Stock in New World China Land has traded below the company’s net asset value for more than six years.
According to a report in Bloomberg, shareholders in the Hong Kong-listed real estate developer will receive a premium of 32 percent for their shares over Friday’s closing price of HK$6.63. The stock rose 28.99 percent in trading on Friday, while shares of its parent, New World Development, were off more than 14 percent.
Li Selling Off China Assets
In contrast to Cheng’s decision to take his China subsidiary private, the man best known for profiting from real estate in the region, Li Ka-shing has been bearish about the prospects for the country’s property markets.

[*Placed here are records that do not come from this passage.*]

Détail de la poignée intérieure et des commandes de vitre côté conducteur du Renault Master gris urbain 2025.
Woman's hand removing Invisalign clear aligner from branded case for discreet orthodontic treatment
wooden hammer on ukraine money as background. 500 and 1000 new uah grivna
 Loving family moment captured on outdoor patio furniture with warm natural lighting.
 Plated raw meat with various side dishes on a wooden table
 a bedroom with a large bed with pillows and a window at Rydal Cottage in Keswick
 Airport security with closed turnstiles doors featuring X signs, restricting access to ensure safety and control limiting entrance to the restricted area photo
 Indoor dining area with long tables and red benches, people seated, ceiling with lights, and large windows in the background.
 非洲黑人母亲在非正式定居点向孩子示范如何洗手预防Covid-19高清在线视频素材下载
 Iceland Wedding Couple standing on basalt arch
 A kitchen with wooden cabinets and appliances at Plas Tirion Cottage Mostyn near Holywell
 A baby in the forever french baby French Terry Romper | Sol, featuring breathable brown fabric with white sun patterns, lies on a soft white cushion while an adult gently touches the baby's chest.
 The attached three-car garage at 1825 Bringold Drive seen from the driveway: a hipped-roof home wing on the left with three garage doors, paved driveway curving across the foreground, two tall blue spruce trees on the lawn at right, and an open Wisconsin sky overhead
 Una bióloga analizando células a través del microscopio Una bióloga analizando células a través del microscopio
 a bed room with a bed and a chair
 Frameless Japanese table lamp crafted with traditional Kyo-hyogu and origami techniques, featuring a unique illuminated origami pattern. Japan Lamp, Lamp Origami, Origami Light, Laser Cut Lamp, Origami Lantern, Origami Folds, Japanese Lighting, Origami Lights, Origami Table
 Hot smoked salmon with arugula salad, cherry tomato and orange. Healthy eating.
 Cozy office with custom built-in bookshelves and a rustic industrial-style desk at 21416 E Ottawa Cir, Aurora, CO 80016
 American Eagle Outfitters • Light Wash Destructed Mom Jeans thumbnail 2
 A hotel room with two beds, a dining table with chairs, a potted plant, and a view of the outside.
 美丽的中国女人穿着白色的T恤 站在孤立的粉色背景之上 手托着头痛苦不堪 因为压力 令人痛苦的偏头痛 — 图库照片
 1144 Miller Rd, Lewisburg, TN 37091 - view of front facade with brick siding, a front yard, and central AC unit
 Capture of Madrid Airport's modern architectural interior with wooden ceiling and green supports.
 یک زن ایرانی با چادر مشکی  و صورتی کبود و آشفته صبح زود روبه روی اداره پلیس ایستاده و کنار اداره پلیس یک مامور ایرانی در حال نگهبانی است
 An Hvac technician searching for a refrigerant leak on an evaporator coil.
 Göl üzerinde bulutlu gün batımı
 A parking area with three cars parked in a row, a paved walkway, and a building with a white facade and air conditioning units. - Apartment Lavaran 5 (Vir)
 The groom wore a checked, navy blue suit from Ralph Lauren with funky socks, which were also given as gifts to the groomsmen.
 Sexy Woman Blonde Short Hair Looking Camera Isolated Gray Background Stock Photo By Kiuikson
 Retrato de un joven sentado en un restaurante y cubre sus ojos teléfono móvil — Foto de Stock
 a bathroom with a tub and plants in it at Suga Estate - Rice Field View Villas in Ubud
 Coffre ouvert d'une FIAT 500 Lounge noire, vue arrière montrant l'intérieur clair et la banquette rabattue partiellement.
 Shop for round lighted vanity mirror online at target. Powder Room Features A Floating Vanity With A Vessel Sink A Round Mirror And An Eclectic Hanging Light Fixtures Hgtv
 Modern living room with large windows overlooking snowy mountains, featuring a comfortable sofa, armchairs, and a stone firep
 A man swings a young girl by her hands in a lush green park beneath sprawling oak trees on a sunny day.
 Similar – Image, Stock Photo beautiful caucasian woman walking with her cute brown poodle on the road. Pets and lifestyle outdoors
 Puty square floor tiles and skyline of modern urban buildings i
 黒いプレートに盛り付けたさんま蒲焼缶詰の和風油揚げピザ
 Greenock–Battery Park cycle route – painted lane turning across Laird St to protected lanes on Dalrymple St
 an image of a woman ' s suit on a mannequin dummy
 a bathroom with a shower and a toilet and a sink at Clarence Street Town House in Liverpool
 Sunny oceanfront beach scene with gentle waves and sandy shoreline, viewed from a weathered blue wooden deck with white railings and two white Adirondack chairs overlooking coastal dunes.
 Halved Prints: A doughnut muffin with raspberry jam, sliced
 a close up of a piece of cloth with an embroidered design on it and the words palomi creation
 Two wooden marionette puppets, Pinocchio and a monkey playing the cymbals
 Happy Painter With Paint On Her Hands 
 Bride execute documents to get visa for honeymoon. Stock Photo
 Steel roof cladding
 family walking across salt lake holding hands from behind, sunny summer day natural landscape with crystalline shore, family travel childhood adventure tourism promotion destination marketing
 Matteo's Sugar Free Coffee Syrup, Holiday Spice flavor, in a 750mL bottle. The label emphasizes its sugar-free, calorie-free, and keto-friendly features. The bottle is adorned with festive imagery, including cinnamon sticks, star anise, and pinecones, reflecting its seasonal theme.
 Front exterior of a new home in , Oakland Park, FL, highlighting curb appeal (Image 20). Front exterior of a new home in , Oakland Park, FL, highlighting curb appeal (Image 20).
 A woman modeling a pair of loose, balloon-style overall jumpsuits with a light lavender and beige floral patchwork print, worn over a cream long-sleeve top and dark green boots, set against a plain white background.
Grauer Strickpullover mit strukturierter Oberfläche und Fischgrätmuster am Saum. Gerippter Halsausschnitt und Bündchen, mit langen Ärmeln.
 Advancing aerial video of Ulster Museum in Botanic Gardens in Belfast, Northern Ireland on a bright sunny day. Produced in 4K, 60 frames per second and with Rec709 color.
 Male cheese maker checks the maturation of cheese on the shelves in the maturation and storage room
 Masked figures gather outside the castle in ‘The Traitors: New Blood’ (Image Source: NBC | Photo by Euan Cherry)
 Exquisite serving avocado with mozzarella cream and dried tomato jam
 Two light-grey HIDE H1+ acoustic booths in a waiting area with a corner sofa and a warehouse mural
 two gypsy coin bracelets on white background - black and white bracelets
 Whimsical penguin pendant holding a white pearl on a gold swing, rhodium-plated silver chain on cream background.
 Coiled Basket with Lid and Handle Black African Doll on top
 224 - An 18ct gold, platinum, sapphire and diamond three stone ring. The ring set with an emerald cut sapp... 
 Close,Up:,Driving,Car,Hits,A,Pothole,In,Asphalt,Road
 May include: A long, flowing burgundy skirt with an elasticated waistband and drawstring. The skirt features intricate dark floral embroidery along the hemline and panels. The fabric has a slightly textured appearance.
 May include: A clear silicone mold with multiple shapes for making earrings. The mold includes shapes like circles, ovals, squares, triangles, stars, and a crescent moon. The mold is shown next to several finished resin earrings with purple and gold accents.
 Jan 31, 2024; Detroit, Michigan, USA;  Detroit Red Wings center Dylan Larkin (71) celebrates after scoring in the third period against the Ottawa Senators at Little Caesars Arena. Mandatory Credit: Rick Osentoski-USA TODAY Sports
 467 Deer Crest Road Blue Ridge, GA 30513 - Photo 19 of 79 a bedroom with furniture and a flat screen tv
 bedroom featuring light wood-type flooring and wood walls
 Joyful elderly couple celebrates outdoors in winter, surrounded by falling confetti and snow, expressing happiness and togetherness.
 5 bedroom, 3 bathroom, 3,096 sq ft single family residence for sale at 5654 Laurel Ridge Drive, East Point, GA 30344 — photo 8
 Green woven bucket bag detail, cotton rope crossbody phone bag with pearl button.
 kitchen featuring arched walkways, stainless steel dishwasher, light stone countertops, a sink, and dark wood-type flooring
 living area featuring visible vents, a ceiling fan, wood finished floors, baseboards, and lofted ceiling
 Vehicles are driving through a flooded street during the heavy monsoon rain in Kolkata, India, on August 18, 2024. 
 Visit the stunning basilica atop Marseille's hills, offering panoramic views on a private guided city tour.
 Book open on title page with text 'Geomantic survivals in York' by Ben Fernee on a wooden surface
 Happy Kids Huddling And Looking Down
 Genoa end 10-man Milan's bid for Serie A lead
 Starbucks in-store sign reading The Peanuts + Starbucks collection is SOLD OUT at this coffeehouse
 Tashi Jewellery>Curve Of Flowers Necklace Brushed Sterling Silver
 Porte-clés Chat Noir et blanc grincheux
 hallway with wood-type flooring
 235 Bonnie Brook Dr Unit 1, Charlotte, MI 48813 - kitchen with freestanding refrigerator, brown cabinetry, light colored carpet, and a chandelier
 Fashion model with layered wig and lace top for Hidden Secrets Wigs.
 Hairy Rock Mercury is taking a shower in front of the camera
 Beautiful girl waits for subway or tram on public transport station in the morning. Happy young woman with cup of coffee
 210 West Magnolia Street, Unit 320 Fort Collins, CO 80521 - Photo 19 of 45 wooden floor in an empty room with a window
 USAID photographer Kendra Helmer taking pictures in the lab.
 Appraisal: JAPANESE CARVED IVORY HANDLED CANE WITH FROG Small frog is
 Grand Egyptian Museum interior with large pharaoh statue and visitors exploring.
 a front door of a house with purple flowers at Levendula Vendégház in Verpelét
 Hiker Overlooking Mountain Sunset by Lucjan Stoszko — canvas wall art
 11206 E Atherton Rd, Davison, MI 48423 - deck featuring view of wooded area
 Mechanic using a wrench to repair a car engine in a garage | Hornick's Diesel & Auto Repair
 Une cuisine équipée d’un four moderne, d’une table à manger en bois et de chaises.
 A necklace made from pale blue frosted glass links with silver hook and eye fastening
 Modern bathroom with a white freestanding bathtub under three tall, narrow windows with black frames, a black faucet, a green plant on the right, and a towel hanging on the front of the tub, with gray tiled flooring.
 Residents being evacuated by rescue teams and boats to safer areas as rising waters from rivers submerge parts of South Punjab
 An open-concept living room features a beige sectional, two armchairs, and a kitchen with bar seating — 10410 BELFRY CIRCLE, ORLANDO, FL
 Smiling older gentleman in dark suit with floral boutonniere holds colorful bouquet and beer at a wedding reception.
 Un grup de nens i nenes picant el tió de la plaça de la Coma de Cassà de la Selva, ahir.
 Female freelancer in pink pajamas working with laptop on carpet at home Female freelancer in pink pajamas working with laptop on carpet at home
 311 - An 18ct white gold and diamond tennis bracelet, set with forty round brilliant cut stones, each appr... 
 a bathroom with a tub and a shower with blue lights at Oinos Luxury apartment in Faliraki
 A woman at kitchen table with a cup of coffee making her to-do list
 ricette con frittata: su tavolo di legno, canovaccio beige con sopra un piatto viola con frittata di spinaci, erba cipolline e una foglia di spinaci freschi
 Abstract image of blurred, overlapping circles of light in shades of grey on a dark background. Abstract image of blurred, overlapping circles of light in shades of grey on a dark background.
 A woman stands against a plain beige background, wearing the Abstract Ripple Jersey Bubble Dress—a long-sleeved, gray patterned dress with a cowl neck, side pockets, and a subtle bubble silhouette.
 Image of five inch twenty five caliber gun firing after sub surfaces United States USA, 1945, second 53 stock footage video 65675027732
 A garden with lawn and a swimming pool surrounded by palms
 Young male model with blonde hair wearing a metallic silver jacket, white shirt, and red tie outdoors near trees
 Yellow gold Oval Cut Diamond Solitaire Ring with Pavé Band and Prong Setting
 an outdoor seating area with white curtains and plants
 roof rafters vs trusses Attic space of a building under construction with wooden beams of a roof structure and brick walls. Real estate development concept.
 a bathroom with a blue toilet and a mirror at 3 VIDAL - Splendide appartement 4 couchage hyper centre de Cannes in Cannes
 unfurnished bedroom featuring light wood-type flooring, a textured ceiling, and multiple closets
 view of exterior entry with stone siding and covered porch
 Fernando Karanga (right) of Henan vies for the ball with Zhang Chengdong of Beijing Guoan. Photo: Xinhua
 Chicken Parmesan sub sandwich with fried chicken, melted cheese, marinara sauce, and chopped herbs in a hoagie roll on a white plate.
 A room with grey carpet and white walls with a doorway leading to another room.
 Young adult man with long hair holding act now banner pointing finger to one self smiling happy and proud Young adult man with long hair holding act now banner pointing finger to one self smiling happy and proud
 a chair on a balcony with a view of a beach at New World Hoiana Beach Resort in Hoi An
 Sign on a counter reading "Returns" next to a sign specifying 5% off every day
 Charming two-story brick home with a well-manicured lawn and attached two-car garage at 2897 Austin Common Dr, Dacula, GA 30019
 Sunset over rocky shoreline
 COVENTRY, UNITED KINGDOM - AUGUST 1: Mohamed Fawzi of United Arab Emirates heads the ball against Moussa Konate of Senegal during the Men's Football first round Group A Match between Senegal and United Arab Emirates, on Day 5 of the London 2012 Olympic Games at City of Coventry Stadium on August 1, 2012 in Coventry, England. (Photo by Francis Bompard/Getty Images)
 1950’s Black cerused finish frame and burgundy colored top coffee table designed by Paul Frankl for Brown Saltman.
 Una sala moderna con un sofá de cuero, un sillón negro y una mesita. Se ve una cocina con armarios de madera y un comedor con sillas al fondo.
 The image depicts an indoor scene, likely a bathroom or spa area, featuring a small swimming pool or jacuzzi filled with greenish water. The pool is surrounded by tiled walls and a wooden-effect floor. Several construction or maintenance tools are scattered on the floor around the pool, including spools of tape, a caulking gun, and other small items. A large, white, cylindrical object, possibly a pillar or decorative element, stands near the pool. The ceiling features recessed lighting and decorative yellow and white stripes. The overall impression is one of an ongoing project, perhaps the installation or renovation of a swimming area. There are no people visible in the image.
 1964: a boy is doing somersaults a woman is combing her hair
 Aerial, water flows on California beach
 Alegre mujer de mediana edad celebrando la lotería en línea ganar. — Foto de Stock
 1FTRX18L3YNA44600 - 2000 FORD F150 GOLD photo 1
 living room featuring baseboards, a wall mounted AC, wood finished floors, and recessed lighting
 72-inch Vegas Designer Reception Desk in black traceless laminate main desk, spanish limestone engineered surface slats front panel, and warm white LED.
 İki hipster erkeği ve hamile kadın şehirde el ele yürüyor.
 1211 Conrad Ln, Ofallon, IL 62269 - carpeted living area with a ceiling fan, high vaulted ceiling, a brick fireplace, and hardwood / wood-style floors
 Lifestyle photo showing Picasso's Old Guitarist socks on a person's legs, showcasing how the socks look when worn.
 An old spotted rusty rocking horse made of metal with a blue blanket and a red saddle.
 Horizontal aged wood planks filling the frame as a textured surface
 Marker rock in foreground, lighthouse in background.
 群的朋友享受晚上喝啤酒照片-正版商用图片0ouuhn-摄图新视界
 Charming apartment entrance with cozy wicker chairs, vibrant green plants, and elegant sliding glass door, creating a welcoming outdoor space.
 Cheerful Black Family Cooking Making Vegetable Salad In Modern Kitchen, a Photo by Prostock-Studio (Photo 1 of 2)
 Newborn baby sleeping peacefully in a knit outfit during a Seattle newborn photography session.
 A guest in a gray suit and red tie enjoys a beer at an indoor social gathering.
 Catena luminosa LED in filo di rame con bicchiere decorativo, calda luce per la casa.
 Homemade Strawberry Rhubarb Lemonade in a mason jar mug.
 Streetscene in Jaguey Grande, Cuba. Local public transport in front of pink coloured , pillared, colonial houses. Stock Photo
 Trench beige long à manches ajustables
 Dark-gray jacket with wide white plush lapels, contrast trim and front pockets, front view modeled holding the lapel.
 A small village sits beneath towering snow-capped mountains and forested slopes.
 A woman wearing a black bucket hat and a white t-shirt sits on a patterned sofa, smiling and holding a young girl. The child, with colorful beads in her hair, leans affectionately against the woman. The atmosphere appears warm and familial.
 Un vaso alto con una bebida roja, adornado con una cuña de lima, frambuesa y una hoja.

In February Li’s ARA Asset Management closed the sale of a Nanjing office building for RMB 2.48 billion, and sold a number of assets last year, including parting ways with an office tower in Shanghai during October for US$1.15 billion.
Combining Balance Sheets as Acquisition Costs Rise
However, some analysts saw advantages for New World and Cheng in the privatisation move. Bloomberg spoke to a Bank of America Merrill Lynch analyst who noted,
“New World Group does not need two separate platforms for doing property in Hong Kong and China. The privatization would allow New World China to utilize its parent’s bigger balance sheet as China property development is still capex intensive if it wants to expand.”
Land prices in China having been rising to historic levels recently as developers compete for the land necessary to launch new projects.
According to New World China’s website, the company has developed 36 major projects in China in 22 cities, and its portfolio spans residential, office retail and hotel projects.
Forbes latest Billionaire List estimated New World’s former chairman, Cheng Yu-tung as having a personal fortune of $16.2 billion, making him Hong Kong’s fifth-richest person (with Li being first), and ranks 54th globally.
Cheng also owns Chow Tai Fook Jewellery Group Ltd., the world’s largest listed jewelry chain.